Shekiba had spent the rest of the night replaying his words in her mind and trying to piece together how she had come to be his wife.

He could not stop her execution. So he stopped mine. How did he propose this deal to King Habibullah? Does Gulnaz know all this?

Shekiba wondered why the king bothered to agree to it. And another question still lingered. How had he come to know Benafsha? As a concubine, her activities were limited to the harem. It wasn’t as if she had been roaming around the palace grounds. Benafsha had originally been a guard before she had caught King Habibullah’s eye and he must have seen her then.

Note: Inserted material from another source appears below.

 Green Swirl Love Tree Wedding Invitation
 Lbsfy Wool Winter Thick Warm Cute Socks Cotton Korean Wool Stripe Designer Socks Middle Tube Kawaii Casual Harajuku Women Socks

And Benafsha let him in? Willingly?

You wouldn’t understand, was all she had told Shekiba. She was right about that.

The canaries were singing — three yellow songbirds in a white wire cage suspended from a tree branch. They sang in the morning mostly, bright and melodic. Shekiba paused to listen to them, to decipher their chirps.

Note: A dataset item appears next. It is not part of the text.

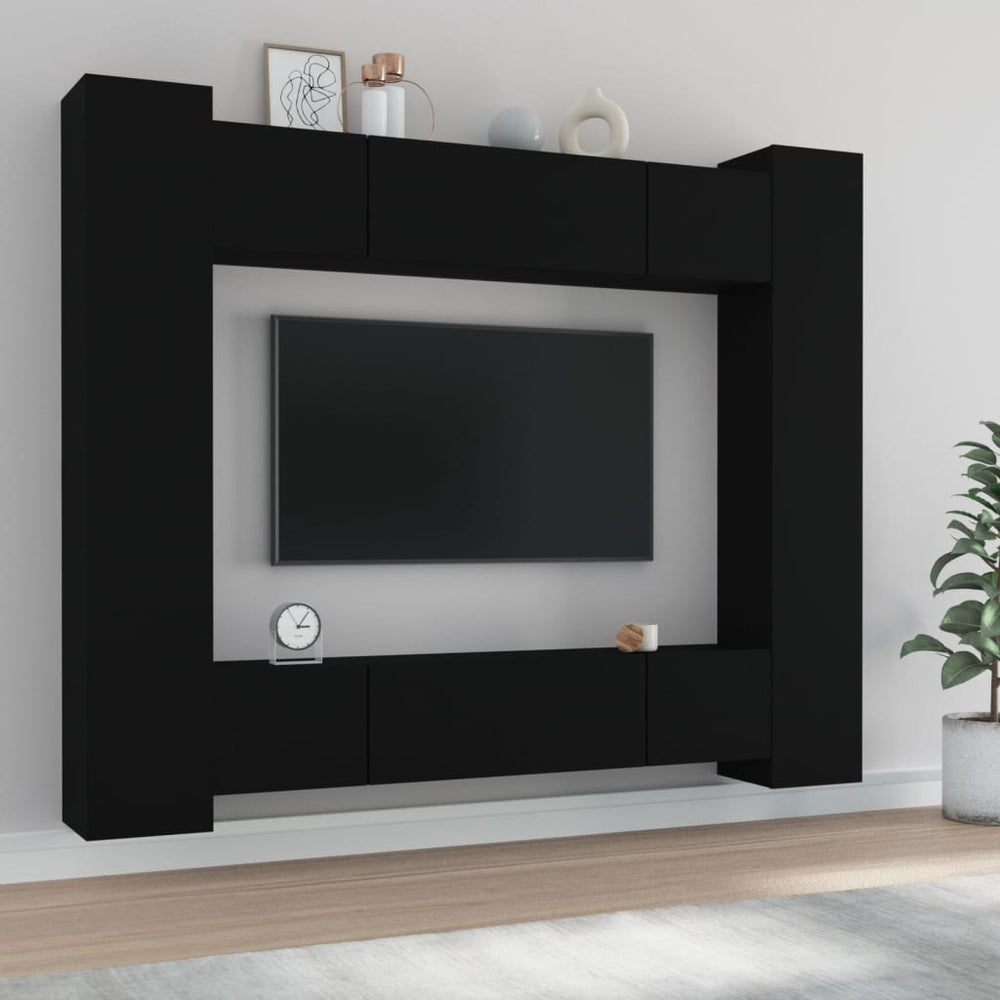 Televizoriaus spintelių komplektas, 8 dalių, juodas, mediena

Two weeks had passed. Her back was healing. Her skin itched more and burned less, which was how she could tell it was better. With better days came better nights. She learned the routines of the house and found a way to fit in without being a nuisance. She knew from experience that she should not consider herself a permanent fixture in any man’s house, even if she was his wife.

Aasif now said a few more words to her, but their exchanges were still brief and polite. He looked past her face and made only fleeting eye contact. Gulnaz watched their interactions from the corner of her eye and seemed satisfied that the second wife was not her equal. She began to see Shekiba more as a housekeeper than a second wife.